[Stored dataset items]
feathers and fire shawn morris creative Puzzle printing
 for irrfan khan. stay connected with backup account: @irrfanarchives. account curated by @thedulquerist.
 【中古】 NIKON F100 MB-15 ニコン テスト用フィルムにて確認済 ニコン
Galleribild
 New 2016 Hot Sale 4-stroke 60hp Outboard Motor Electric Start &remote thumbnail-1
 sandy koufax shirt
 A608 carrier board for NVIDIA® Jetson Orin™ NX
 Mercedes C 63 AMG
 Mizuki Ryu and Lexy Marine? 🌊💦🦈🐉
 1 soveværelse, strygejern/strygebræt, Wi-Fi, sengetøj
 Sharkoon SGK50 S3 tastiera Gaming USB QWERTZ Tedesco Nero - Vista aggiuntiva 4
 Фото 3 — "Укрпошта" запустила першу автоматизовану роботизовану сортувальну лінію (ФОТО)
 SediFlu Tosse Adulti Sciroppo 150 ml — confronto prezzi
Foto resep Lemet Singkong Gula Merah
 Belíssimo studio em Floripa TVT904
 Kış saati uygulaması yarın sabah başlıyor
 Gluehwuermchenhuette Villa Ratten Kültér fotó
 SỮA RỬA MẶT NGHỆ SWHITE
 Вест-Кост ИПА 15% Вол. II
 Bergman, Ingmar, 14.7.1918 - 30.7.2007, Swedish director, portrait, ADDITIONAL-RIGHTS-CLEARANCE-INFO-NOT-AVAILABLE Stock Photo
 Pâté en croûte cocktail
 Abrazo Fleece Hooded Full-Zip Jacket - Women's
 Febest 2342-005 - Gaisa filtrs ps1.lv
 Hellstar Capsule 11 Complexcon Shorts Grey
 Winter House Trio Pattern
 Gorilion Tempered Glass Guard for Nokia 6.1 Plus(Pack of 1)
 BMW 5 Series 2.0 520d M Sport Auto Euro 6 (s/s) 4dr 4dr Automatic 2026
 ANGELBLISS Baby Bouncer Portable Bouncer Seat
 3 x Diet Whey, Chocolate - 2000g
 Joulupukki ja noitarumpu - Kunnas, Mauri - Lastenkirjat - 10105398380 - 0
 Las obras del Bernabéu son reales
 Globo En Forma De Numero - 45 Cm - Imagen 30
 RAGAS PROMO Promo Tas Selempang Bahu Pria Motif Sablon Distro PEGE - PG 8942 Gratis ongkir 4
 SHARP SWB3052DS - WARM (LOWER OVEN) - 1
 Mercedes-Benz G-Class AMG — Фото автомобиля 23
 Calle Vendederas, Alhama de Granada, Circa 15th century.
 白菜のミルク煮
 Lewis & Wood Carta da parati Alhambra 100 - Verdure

WHAT TO WORK ON: Take the entries above and return only the lines from the one with "Sharkoon SGK50 S3" to the one with "SediFlu Tosse Adulti", both included, unchanged.

RESPONSE BELOW:
 Sharkoon SGK50 S3 tastiera Gaming USB QWERTZ Tedesco Nero - Vista aggiuntiva 4
 Фото 3 — "Укрпошта" запустила першу автоматизовану роботизовану сортувальну лінію (ФОТО)
 SediFlu Tosse Adulti Sciroppo 150 ml — confronto prezzi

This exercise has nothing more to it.